The Patriarch responds, as always, without delay: Joseph arose, took the Child and his Mother, and went into the land of Israel (Mt 2:21). He doesn't hesitate even for a moment. Taking only the time needed to collect his tools and few possessions, he would have said a quick goodbye to those who had been their neighbors during those months and set about preparing for the return journey.

"The Patriarch responds, as always, without delay: "Joseph arose, took the Child and his Mother, and went into the land of Israel" (Mt 2:21).

Coptic tradition tells us that the Holy Family traveled by sea, not by land. It is a likely hypothesis. Now that the danger had passed, the sea route was more economical and entailed fewer privations than the overland path of the caravans. They probably traveled on one of the numerous vessels that went down the Nile from the city of Memphis (today's Cairo) to Alexandria, where they could board a small boat for the four or five day trip along the Mediterranean coast to Ascalon, Joppa, or Yamnia.

On disembarking, Joseph would have inquired about the new king in Judea, Archelaus, one of Herod's sons, whose cruelty almost matched his father's—he had just beheaded several thousand of his subjects in the very Temple itself. At first, Mary's spouse had planned to settle in Bethlehem, the birthplace of the Messiah. But since the angel had not indicated a specific destination—only that he return to the land of Israel—it seemed better to go to a place outside that king's jurisdiction. The Lord confirmed Joseph in his plan through an angel: But when he heard that Archelaus reigned over Judea in place of his father Herod, he was afraid to go there, and being warned in a dream he withdrew to the district of Galilee (Mt 2:22). The prophecy of Micah had announced the birth of Jesus in Bethlehem, but other oracles—as Matthew recalls—pointed to Nazareth as the place where the Messiah would grow to maturity. So he went to dwell in a city called Nazareth, so that what was said by the prophets would be fulfilled: 'He will be called a Nazarene ' (Mt 2:23).

The trip to Nazareth was calm and peaceful, made without haste. We can imagine how happy our Lady and Joseph were when they crossed the plains of Esdraelon and reached Galilee. They felt at home in that familiar countryside where they had spent the years of their childhood and adolescence. In Nazareth they were reunited with relatives and friends, surprised to see them back after so many months without news. There would have been no lack of embarrassing questions, motivated both by affection and a healthy curiosity. But Mary and Joseph were discreet in their responses and didn't reveal the truth about Jesus that they kept in their hearts.

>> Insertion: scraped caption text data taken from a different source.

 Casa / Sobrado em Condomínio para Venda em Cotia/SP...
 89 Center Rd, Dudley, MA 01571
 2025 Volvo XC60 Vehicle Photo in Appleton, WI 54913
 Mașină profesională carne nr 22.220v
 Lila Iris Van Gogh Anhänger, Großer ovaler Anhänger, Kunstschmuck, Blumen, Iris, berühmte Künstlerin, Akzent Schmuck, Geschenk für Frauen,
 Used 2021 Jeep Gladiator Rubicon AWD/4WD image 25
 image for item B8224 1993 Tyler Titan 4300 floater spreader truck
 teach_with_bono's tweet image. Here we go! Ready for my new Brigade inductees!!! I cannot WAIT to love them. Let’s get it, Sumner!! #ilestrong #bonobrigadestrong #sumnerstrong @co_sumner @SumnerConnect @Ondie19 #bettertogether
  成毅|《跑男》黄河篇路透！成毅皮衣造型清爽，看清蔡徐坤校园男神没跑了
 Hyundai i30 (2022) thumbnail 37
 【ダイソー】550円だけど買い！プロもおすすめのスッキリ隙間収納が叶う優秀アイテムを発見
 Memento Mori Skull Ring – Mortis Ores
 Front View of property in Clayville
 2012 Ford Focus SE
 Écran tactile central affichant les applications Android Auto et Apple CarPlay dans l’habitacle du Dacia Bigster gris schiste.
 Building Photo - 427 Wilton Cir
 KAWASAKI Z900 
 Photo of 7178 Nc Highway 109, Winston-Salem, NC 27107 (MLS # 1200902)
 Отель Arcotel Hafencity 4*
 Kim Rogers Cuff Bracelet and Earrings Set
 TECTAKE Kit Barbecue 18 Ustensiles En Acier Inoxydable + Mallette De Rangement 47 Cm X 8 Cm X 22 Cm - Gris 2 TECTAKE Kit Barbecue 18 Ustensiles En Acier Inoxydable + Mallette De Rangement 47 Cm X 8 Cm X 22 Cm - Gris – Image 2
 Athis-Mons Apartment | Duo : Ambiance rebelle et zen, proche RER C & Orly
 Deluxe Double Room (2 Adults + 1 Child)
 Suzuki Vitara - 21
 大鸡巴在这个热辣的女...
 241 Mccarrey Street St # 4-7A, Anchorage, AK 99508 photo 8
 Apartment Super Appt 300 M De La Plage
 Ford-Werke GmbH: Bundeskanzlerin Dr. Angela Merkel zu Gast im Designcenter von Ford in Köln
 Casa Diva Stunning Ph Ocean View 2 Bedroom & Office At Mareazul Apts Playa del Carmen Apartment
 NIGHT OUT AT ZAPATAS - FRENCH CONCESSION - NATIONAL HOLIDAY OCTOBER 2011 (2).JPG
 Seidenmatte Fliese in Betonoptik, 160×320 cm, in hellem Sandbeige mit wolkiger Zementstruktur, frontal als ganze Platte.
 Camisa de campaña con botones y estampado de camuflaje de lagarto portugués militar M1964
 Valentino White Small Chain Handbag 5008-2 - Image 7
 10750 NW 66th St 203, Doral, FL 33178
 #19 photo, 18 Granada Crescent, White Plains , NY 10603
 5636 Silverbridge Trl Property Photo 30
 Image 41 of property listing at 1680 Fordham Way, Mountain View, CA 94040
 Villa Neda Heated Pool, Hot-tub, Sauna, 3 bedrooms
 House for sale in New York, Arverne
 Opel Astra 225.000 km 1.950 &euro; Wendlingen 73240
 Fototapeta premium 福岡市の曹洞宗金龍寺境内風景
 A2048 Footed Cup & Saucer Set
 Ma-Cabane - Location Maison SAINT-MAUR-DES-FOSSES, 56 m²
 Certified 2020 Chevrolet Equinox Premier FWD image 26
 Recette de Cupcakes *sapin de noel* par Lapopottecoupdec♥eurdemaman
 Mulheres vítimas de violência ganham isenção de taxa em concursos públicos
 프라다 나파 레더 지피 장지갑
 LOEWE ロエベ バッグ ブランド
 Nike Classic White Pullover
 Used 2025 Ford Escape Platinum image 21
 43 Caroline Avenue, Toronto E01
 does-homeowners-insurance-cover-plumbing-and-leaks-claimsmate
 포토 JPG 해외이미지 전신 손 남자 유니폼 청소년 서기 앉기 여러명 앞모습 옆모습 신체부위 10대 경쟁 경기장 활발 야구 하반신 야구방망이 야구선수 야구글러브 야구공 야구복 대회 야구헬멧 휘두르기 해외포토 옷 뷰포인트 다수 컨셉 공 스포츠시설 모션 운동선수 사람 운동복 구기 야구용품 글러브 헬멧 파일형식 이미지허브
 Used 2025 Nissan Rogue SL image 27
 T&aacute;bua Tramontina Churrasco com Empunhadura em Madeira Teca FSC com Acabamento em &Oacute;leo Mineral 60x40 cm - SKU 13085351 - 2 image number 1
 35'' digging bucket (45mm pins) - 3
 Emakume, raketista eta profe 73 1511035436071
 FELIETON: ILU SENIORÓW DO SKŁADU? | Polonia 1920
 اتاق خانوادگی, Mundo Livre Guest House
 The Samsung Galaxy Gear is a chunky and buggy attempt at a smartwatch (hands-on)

In this Family, love for God and neighbor centered on loving attention to Jesus, the Father's eternal Word.

They returned to their small house built onto one of the many caves around Nazareth. They may have found it in bad repair, having been gone for so long. But Joseph would have restored it skillfully, and Mary set about giving it a thorough cleaning, assisted perhaps by her cousin, Mary of Cleophas, the mother of James and Joseph, and also of Simon and Jude, and by other relatives.

The daily life and work of the Holy Family gradually returned to normal, without anything extraordinary. St. Luke, who resumes his account at this point, states simply that the Child grew stronger, full of wisdom, and the grace of God was in him (Lk 2:40). Our Lady, like all mothers, watched over the human growth of her Son and Lord with loving eyes, full of admiration at how God was working so naturally. Joseph worked hard, grateful that his labor was of service to the mystery of the Redemption. In this Family, love for God and neighbor centered on loving attention to Jesus, the Father's eternal Word, who learned how to talk with human words and to love with the heart of a man.